Christian Couder Nov. 25, 2024, 9:47 a.m. UTC | #1

Hi,

On Mon, Nov 25, 2024 at 8:38 AM Patrick Steinhardt <ps@pks.im> wrote:
>
> Hi,
>
> this is the second version of my patch series that refactors the

Do you mean that despite the "v3" mark, it's only the second version
because "v2" was just rebasing "v1" on top of a better base?

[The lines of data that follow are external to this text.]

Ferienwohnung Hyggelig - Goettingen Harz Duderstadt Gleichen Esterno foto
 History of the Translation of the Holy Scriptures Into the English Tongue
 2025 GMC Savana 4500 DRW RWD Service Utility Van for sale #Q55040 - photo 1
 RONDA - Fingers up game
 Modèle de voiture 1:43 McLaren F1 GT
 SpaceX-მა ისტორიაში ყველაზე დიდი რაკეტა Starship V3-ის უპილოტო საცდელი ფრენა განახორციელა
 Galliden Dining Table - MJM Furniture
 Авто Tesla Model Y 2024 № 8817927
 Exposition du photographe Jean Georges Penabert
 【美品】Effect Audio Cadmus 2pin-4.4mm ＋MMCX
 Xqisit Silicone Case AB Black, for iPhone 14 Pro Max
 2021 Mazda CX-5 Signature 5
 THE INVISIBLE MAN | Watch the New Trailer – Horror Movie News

> reftable backend to reuse iterators when reading random references. This
> removes the overhead of having to recreate the iterator on every read
> and thus leads to better performance and less allocation churn.
>
> Changes in v3:
>
>   - Adapt some comments to refer to the "backend" instead of to the
>     "stack".
>   - Fix indentation of a statement while at it.
>   - Explain why callsites don't want to reload the stack.
>   - Optimize `prepare_transaction_update()` by not using `backend_for()`
>     twice, but instead reload the stack manually.
>   - Split out the change that adds `reftable_stack_hash_id()` into a
>     separate commit.
>   - Link to v2: https://lore.kernel.org/r/cover.1730792627.git.ps@pks.im

Thanks!

Patrick Steinhardt Nov. 25, 2024, 9:52 a.m. UTC | #2

On Mon, Nov 25, 2024 at 10:47:57AM +0100, Christian Couder wrote:
> Hi,
> 
> On Mon, Nov 25, 2024 at 8:38 AM Patrick Steinhardt <ps@pks.im> wrote:
> >
> > Hi,
> >
> > this is the second version of my patch series that refactors the
> 
> Do you mean that despite the "v3" mark, it's only the second version
> because "v2" was just rebasing "v1" on top of a better base?

Nah, I simply forgot to update this introduction :)

Patrick